WasteGenerated: An essential metric for sustainability, this attribute tracks the amount of waste generated during the manufacturing process. This could include material scraps, emissions, or any by-product not part of the final product.

OperationalEfficiency: This ratio or metric gives an overview of the efficiency of the manufacturing process. It could be calculated based on various factors like the ratio of output to resource input, time efficiency, etc.

MachineTemperature: This indicates the operational temperature of each machine. Abnormal temperature readings can signify potential issues or inefficiencies in the machine's operation.

MachineVibration: The level of vibration of each machine during operation.
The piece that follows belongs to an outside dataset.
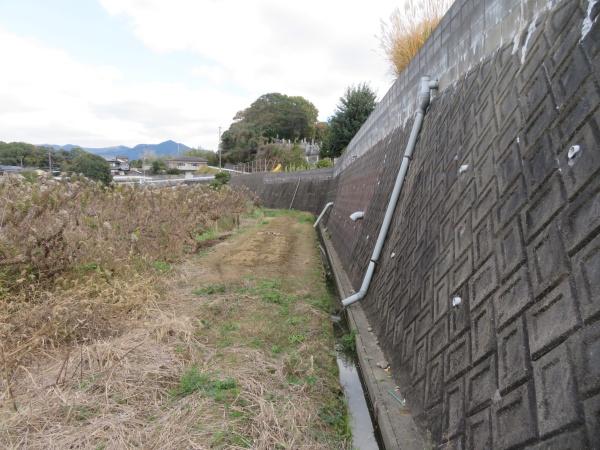 直方市感田739坪売地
Excessive vibration can be a sign of malfunction or wear and tear, impacting the machine's longevity and efficiency.

MaintenanceStatus: This binary attribute indicates whether the machine was under maintenance at the time of data collection. Regular maintenance is crucial for the smooth operation of manufacturing equipment.

QualityControlFailures: This column records the number of times a product or component failed quality control checks. It's a direct indicator of the production process's quality and reliability.

OperatorShift: Manufacturing units often operate in multiple shifts. This attribute identifies the shift (e.g., Shift_A, Shift_B, Shift_C) during which the data was recorded, allowing for shift-specific analysis.

The dataset offers a holistic view of the manufacturing unit's operations, highlighting areas like resource efficiency, machine health, production quality, and waste management. Analyzing this data can provide valuable insights into operational efficiencies, potential cost savings, and areas needing improvement, particularly in terms of sustainability and resource management. It's a valuable tool for the unit's management to make data-driven decisions and strategize improvements in their production processes.